Es ist ein goldener November im Park von Schloss Pillnitz, ein flammender Herbst. Zufrieden schaut Dr. Christian Striefler, Herr über Sachsens Schlösser und Gärten, auf die blühende Herbstbepflanzung.
„Pillnitz ist doch ein wunderbarer Ort,“ sagt der groß gewachsene Geschäftsführer, „ein Gesamtkunstwerk“. Stimmt. Das Schloss an der Elbe gehört zu den meist fotografierten Bauten im Dresdner Umland. Und der Garten ist Europa im Kleinen – französische, englische, holländische und natürlich auch deutsche Einflüsse sind hier harmonisch vereint.
Klimawandel und Denkmalpflege
Nur der Klimawandel macht Striefler und den 16 Gärtnern im Park Sorgen. Der Buchsbaumzünzler bedroht die so schön gestutzten Buchsbäume, und für empfindliche Bäume sind widerstandsfähigere Artgenossen im Gespräch. „Da kommt man dann schon in Kollision mit der Garten-Denkmalpflege,“ weiß Striefler. Trotzdem müsse man Veränderungen in die Planung mit einbeziehen.
Ein Winterkleid für die Kamelie
Die berühmte Kamelie, vermutlich 1776 aus Japan zugereist und 1801 vom Schlossgärtner im Parkt eingepflanzt, profitiert von diesen warmen Tagen. Noch braucht sie nicht ihr gläsernes Winterkleid, ein sechseckiges High-Tech-Wunder auf Schienen, das seit 1992 das alte Holzhaus ersetzt. 8,90 Meter hoch ist diese älteste Kamelie Europas, elf Meter misst sie im Durchschnitt.
Wer das Prachtstück umrunden will, muss 33 Meter gehen. Jetzt ist die Kamelie nur dunkelgrün, aber im Februar wird sie wieder ihr rotes Blütenkleid anlegen. Dann ist sie die Königin im Pillnitzer Park und empfängt Kamelien-Liebhaber aus aller Welt.

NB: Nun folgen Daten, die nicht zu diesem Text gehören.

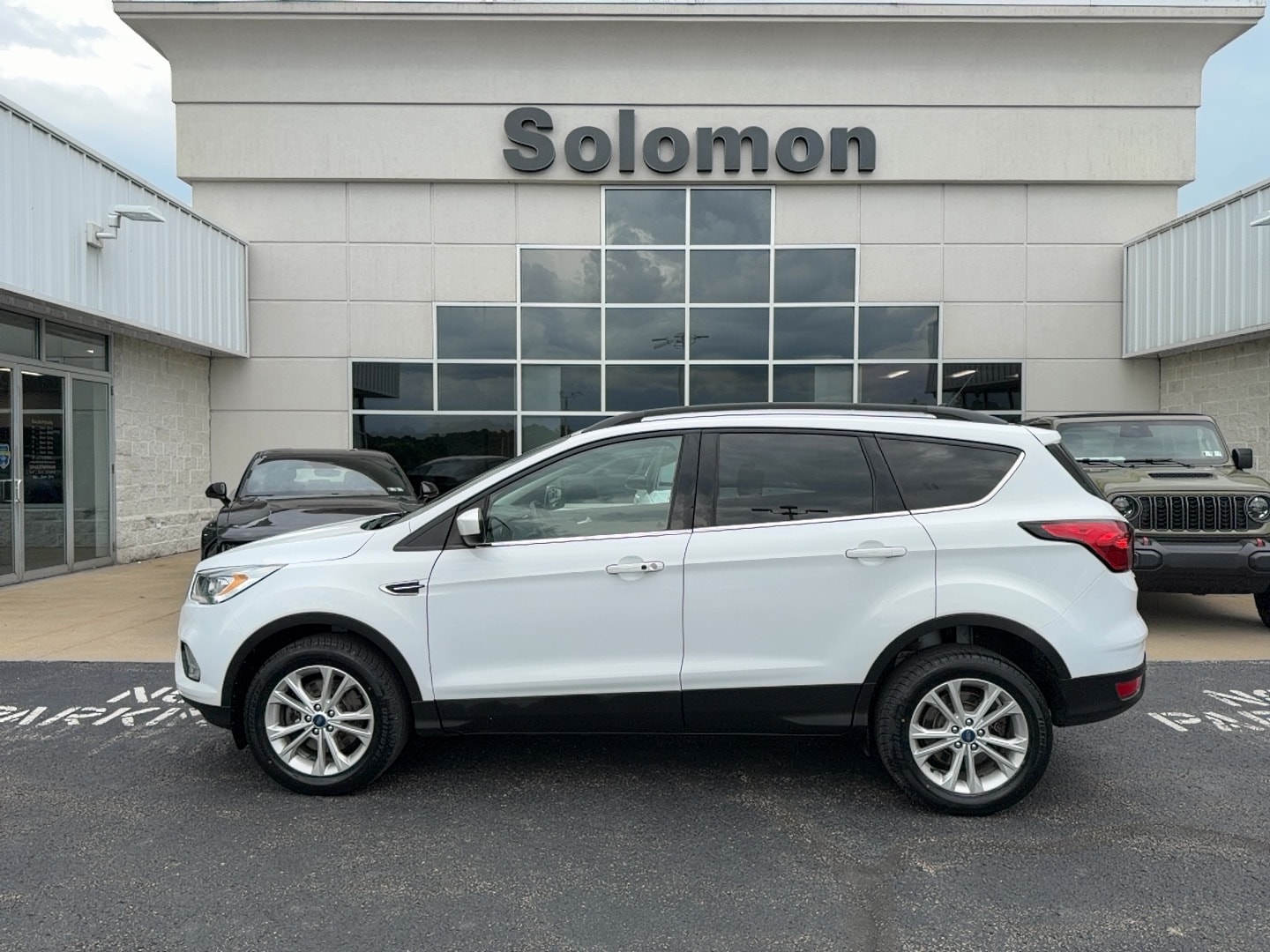 2019 Ford Escape SEL - 0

Der Christmas Garden bringt Licht in den Park
Doch auch in der Vorweihnachtszeit hat Pillnitz seinen Reiz. Erstmals wird hier vom 14. November bis 16. Januar der „Christmas Garden Dresden“ präsentiert – nach dem Vorbild des berühmten Kew Garden in London. Striefler ist voller Vorfreude: „Wir können es kaum erwarten, Pillnitz im Glanz des Christmas Garden Dresden strahlen zu sehen,“ sagt er. Illuminationen verwandeln Schloss und Garten in eine schimmernde Märchenlandschaft. Aufwendig gestaltete festliche Motive erzählen Geschichten von Rentieren, Engeln oder dem Weihnachtsmann.

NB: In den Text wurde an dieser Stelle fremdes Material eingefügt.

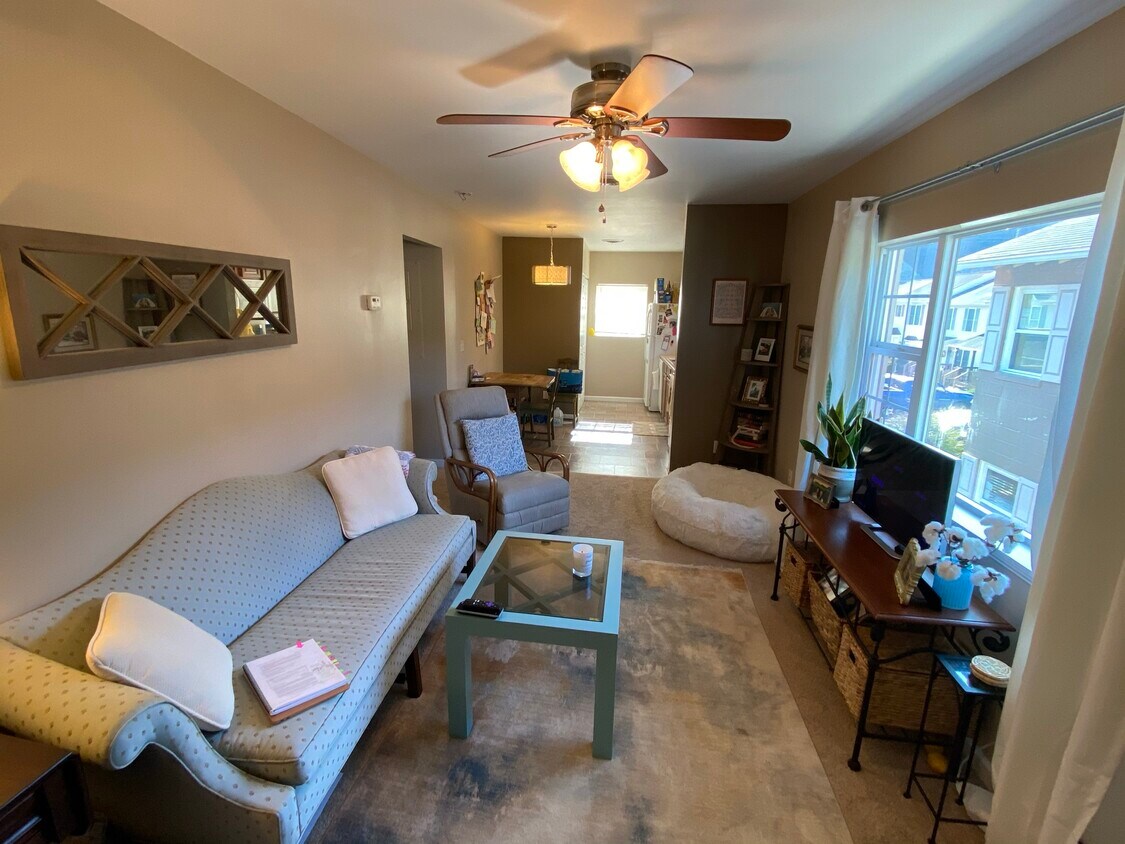 109 Sunflower Aly, Pikeville, KY 41501 Apartments in Pikeville, KY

Der rund zwei Kilometer lange Rundweg führt vorbei an 20 Lichtinstallationen, die den Schlosspark zum Leuchten bringen. Und natürlich wird auch das Glashaus der legendenumwobenen Kamelie im magischen Weihnachtsglanz erstrahlen.
Im Weinkeller macht sich Kunst breit
In den Gewölben von Schloss Pillnitz hat Sachsens Vorzeige-Winzer Klaus Zimmerling über Jahre seine Weine hergestellt und gelagert. Inzwischen haben sie im eigenen Keller eine ungewöhnliche Heimat gefunden. Ungewöhnlich deshalb, weil dieser Keller auch Kunst beherbergt. Zimmerlings Frau, Malgorzata Chodakowska, eine quirlige Blondine aus Polen, hat hier einen Teil ihrer großen und auffallend gut proportionierten Skulpturen untergebracht. So nah kommen sich Wein und Kunst selten. Aber Chodakowska entwirft ja auch die Etiketten für die charakteristischen Halbliterflaschen mit Zimmerling-Weinen.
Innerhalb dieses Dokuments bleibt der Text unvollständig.